Zur Theorie politischer Aktionen. Eine Einführung

Münster: edition assemblage 2015; 152 S.; brosch., 12,80 €; ISBN 978-3-942885-96-6
Obwohl sich mit dem Fokus auf politische Aktionen sehr viel über Aktivist_innen und ihre Netzwerke, ihr Selbstverständnis sowie die Erfolgschancen von Protest erfahren lasse, behandele die etablierte Protest‑ und Bewegungsforschung politische Aktionen selten als gesonderte Kategorie, stellt Christiane Leidinger einleitend fest.

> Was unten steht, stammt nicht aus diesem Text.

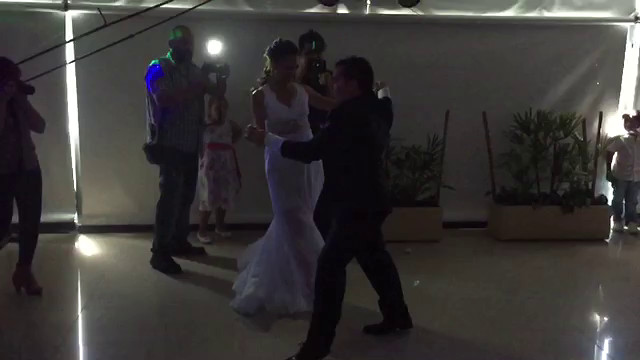 Bibiana Barraza y su marido bailando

Um politische Aktionen als eigenständiges Untersuchungselement von Protesten zu profilieren, unternimmt sie im Wesentlichen zwei Schritte. Sie erarbeitet einen Begriff von politischen Aktionen, der es erlaubt, ihn von benachbarten Begriffen möglichst genau abzugrenzen, und nimmt zu Analysezwecken eine Systematisierung der zahlreichen Formen von politischen Aktionen vor. Was ihren Ansatz auszeichnet, ist der Versuch, ein – im Vergleich zum weit gefassten Begriff der politischen Aktivität – enges Verständnis von politischen Aktionen zu entwickeln und gleichzeitig deren vielfältigen Spielarten gerecht zu werden. Dazu diskutiert sie kritisch die einschlägige Literatur und versucht bestehende Defizite zu beseitigen. So arbeitet sie sich im ersten Schritt durch das „Dickicht an Begriffen mit teils affirmativen, bisweilen diffusen und divergenten bis hin zu widersprüchlichen Auffassungen“ (39) und kommt zu einem Begriff von politischer Aktion, der diese als einen „mehr oder weniger konfrontativen, offensiven Ausdruck, […] ein ausdrückliches, eingreifendes und ein über Sprache hinausgehendes Stellung beziehen und Entscheidungen beeinflussen wollen“ (42) versteht. In Bezug auf die Systematisierung verschiedener Formen politischer Aktionen kritisiert sie insbesondere juristisch und moralisch gefärbte Sichtweisen. In Abgrenzung zu diesen weit verbreiteten, von ihr als Außenperspektive bezeichneten Zugängen, die zumeist zwischen legal/illegal und gewaltlos/gewaltvoll unterscheiden, favorisiert sie die Binnenperspektive, die in die Lage versetzt, politische Aktionen von den Intentionen der Aktivist_innen her zu verstehen und dadurch umfassender zu analysieren. Weitere zentrale Probleme sind für Leidinger die kaum vorhandene Aufmerksamkeit für feministische politische Aktionen und die geringe Berücksichtigung von historischen Kontexten, in denen sich die jeweiligen politischen Aktionen ereigneten. Insgesamt besticht Leidingers Einführung durch einen hohen Reflexionsgrad und sensibilisiert dadurch für eine komplexe Sichtweise auf eine in der Forschung bislang randständig behandelte und von Medien oft nicht ernst genommene politische Praxis.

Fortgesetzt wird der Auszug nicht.